> [What the task asks] When you come to a picture, pass over it, and set down the entries below exactly.

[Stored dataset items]
──────

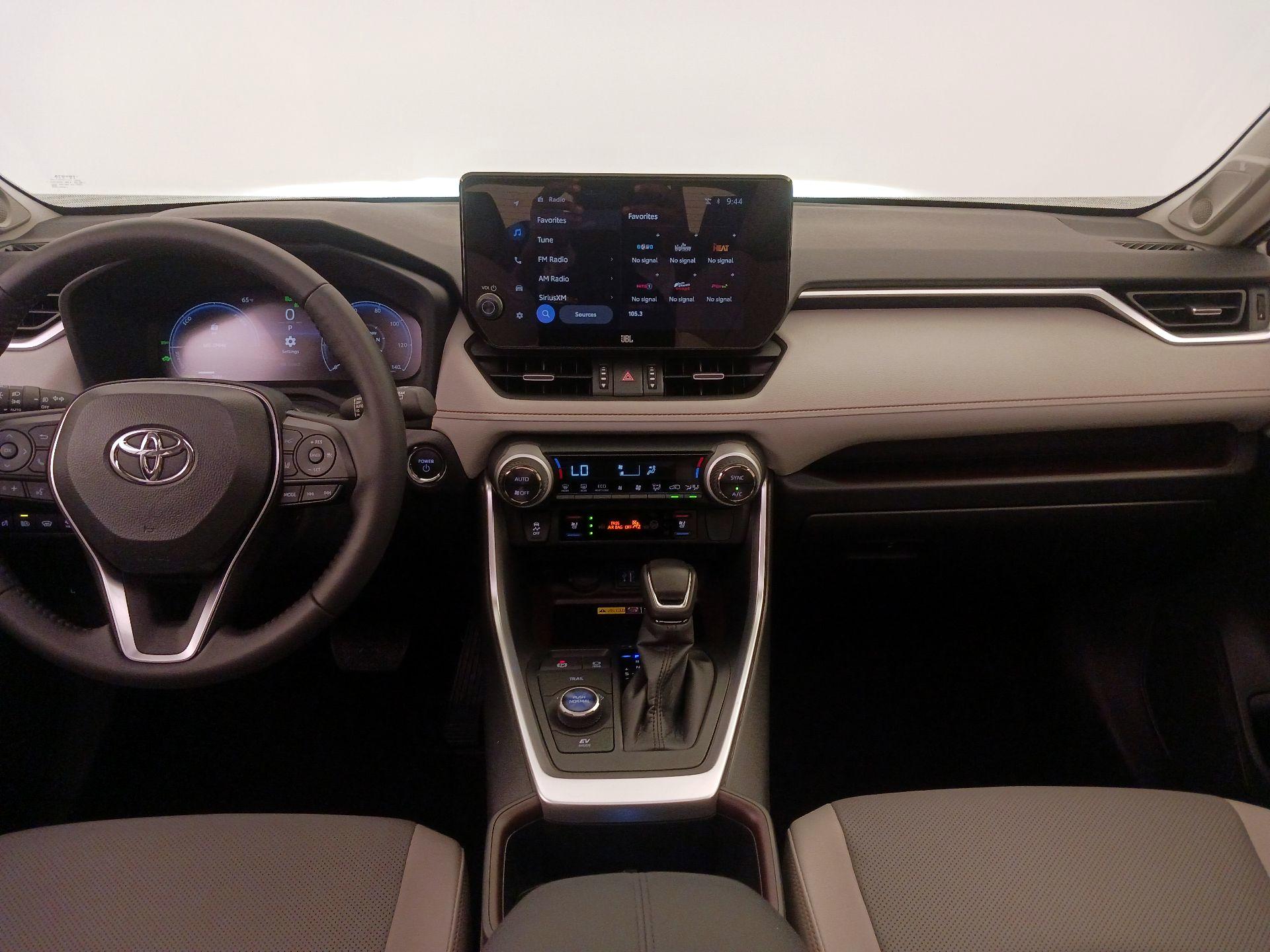 Thumbnail: 2025 Toyota RAV4 - 9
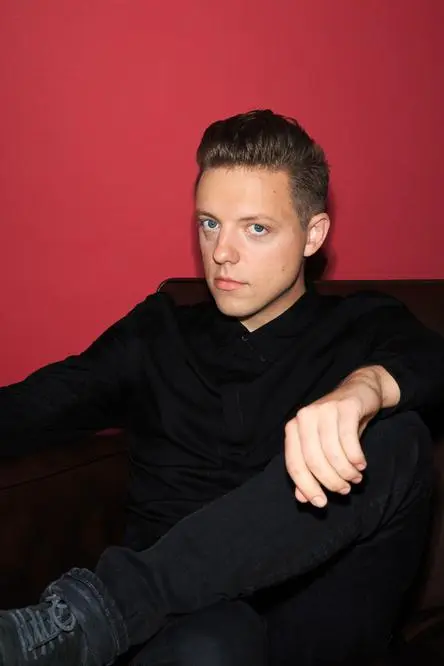 Robert DeLong_peliplat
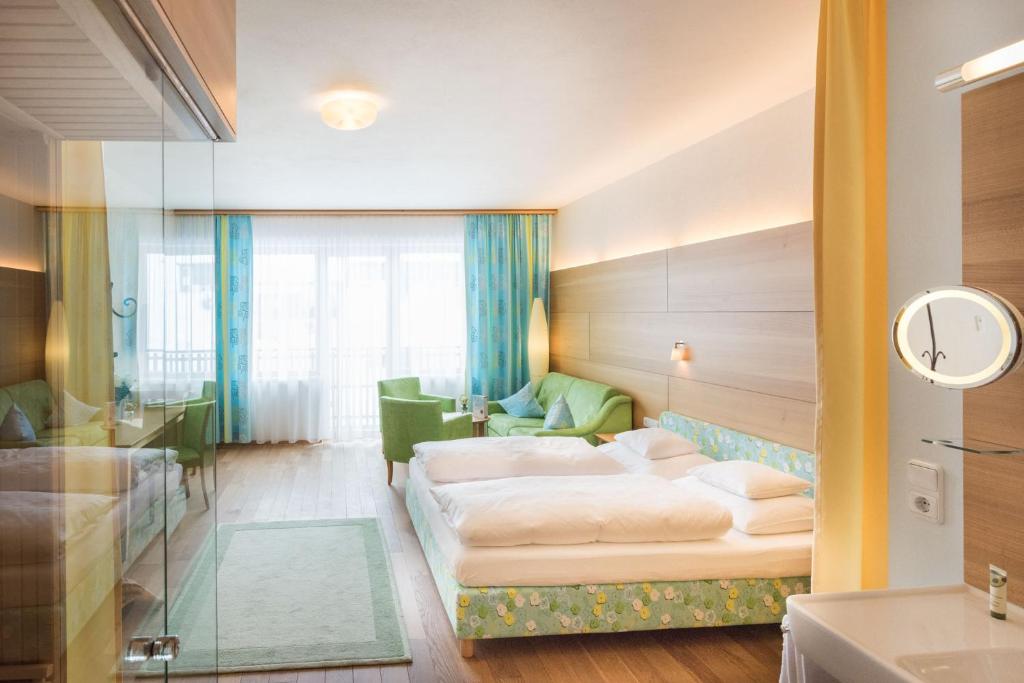 Postel nebo postele na pokoji v ubytování Hotel Walserberg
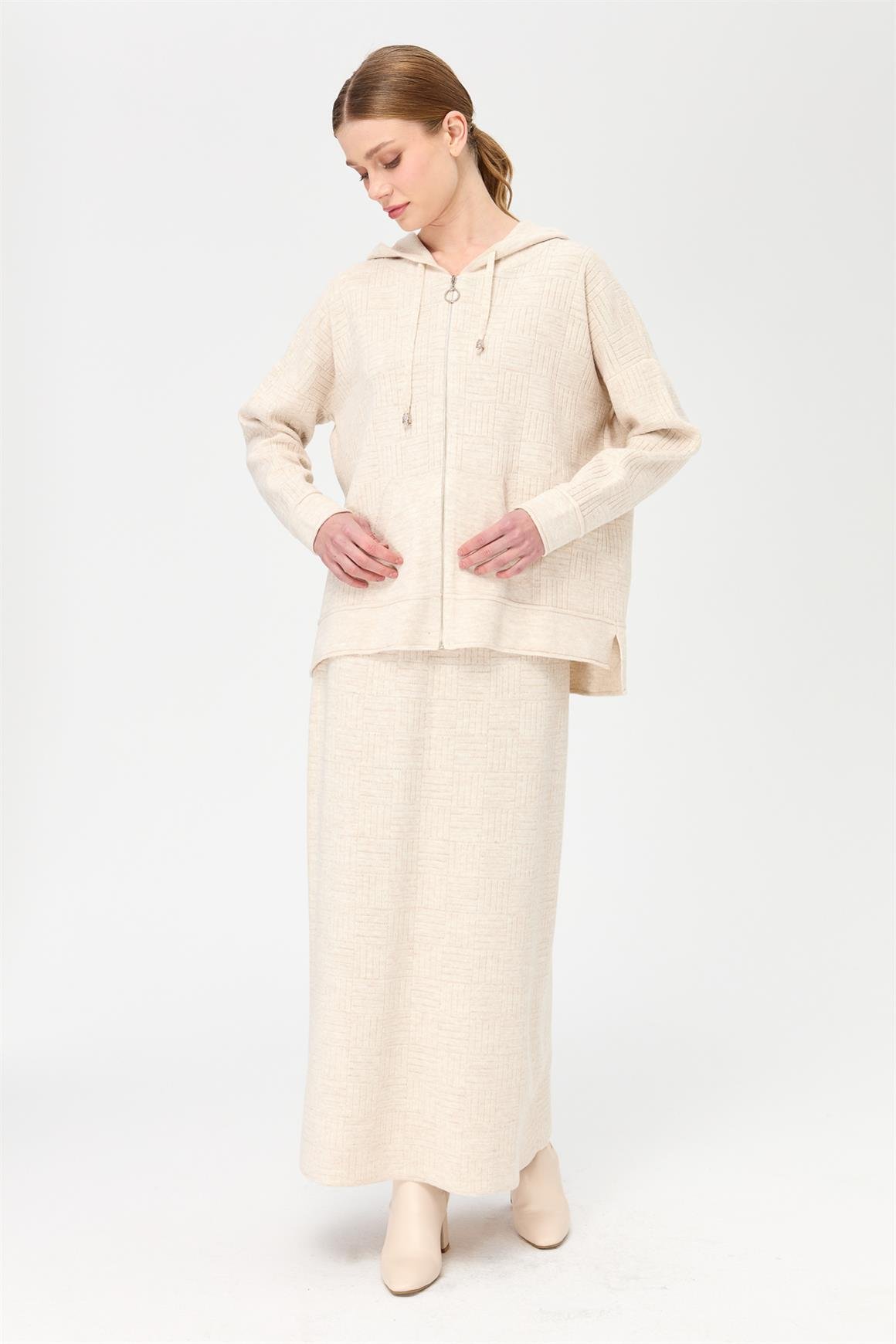 Hasır Desenli Triko Etekli Takım  Bej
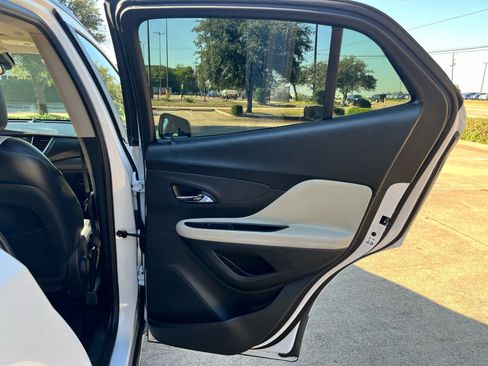 Used 2020 Buick Encore Preferred image 17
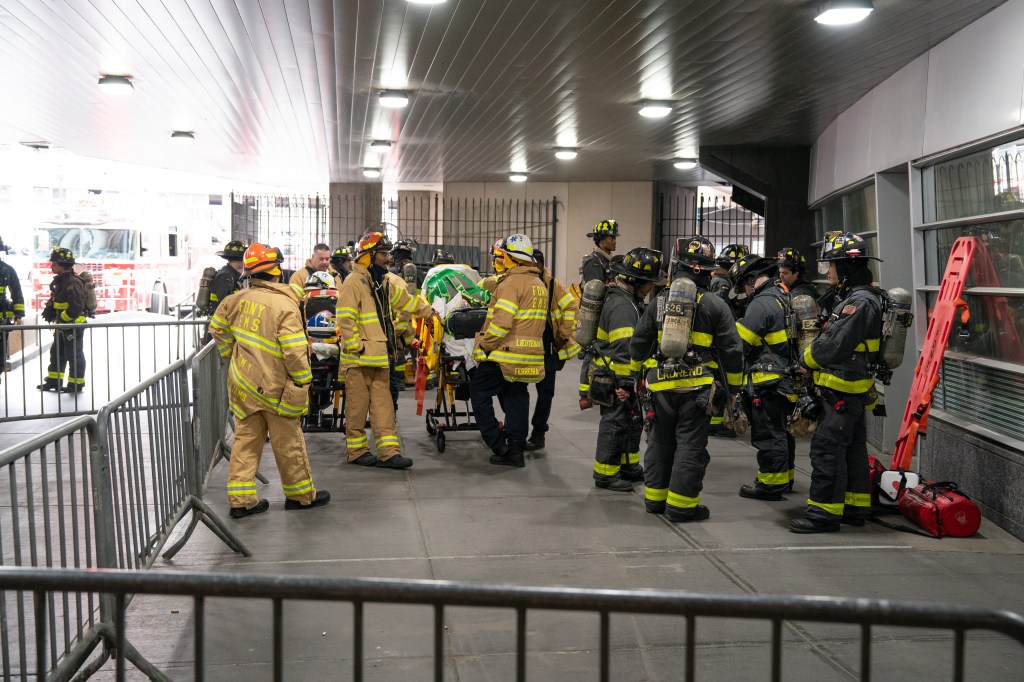 Penn Station fire snarls morning commute: NJT suspends trains into NYC, LIRR service limited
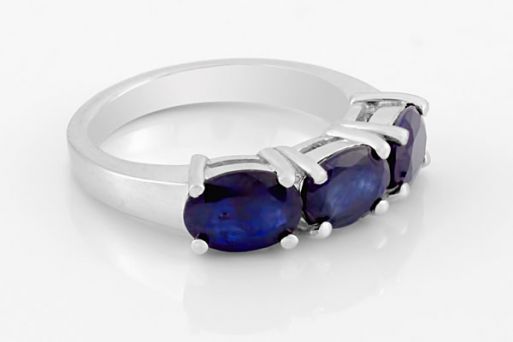 Серебряное кольцо с сапфиром 60283 купить в магазине Самоцветы мира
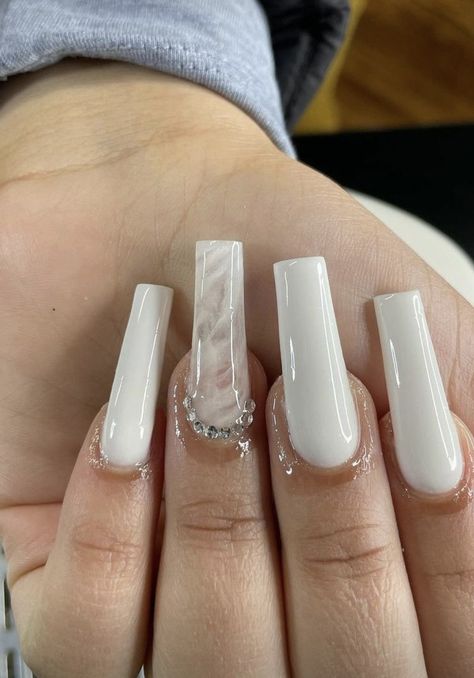 Square Acrylic Nails Red, Acrylic Nails Red, Nail Designs Simple, Nails Short Square, Red Acrylic Nails, Short Square Acrylic Nails, Nails Red, Square Acrylic Nails, Acrylic Nails Coffin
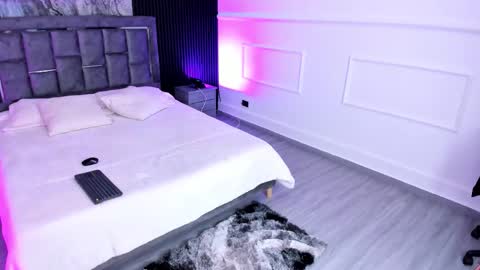 Siena Rosewood online show from 12/02/25, 03:23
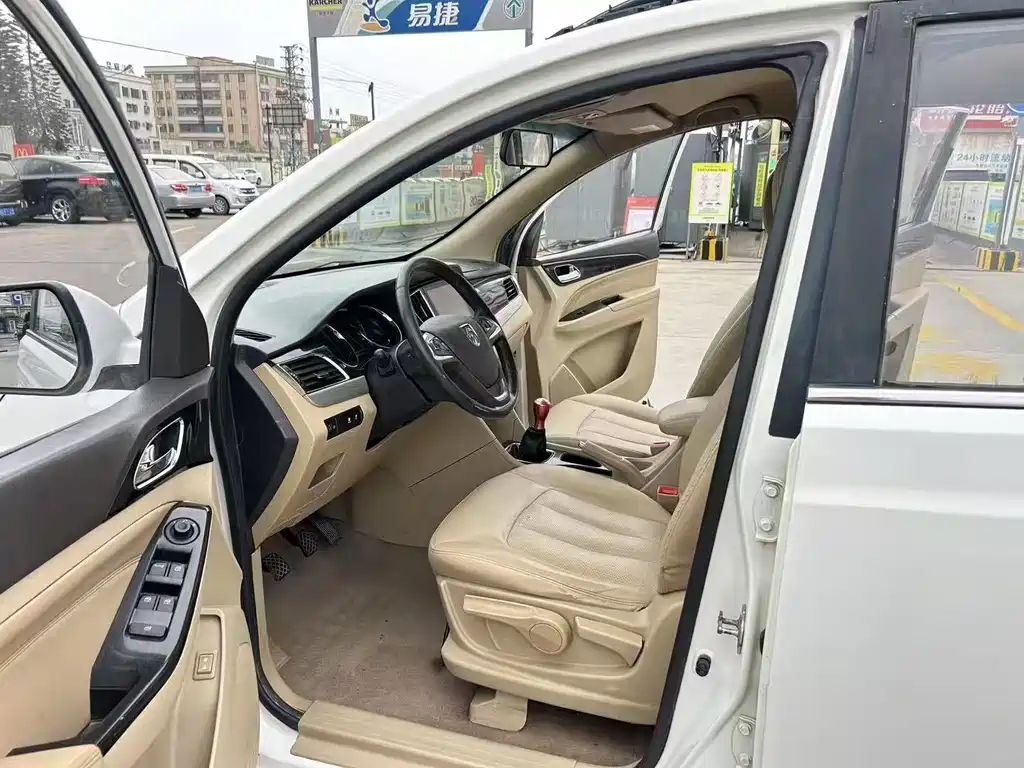 Baojun 730 1.5 L Manual Luxury 7-seat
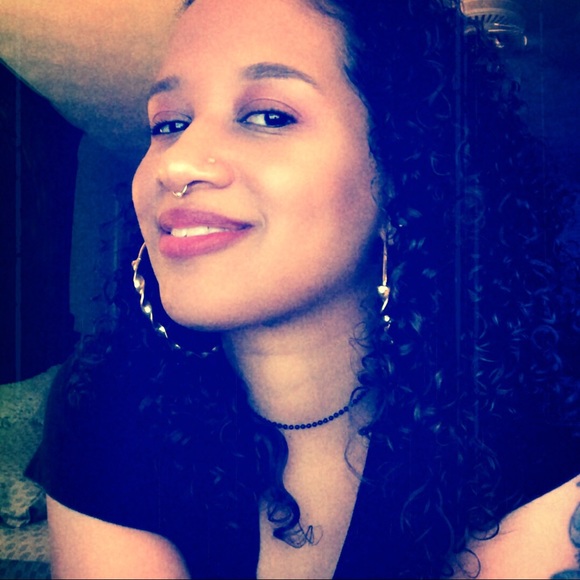 Meet the Posher - Picture 6 of 7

──────

> [Exercise answer]
 Thumbnail: 2025 Toyota RAV4 - 9
 Robert DeLong_peliplat
 Postel nebo postele na pokoji v ubytování Hotel Walserberg
 Hasır Desenli Triko Etekli Takım  Bej
 Used 2020 Buick Encore Preferred image 17
 Penn Station fire snarls morning commute: NJT suspends trains into NYC, LIRR service limited
 Серебряное кольцо с сапфиром 60283 купить в магазине Самоцветы мира
 Square Acrylic Nails Red, Acrylic Nails Red, Nail Designs Simple, Nails Short Square, Red Acrylic Nails, Short Square Acrylic Nails, Nails Red, Square Acrylic Nails, Acrylic Nails Coffin
 Siena Rosewood online show from 12/02/25, 03:23
 Baojun 730 1.5 L Manual Luxury 7-seat
 Meet the Posher - Picture 6 of 7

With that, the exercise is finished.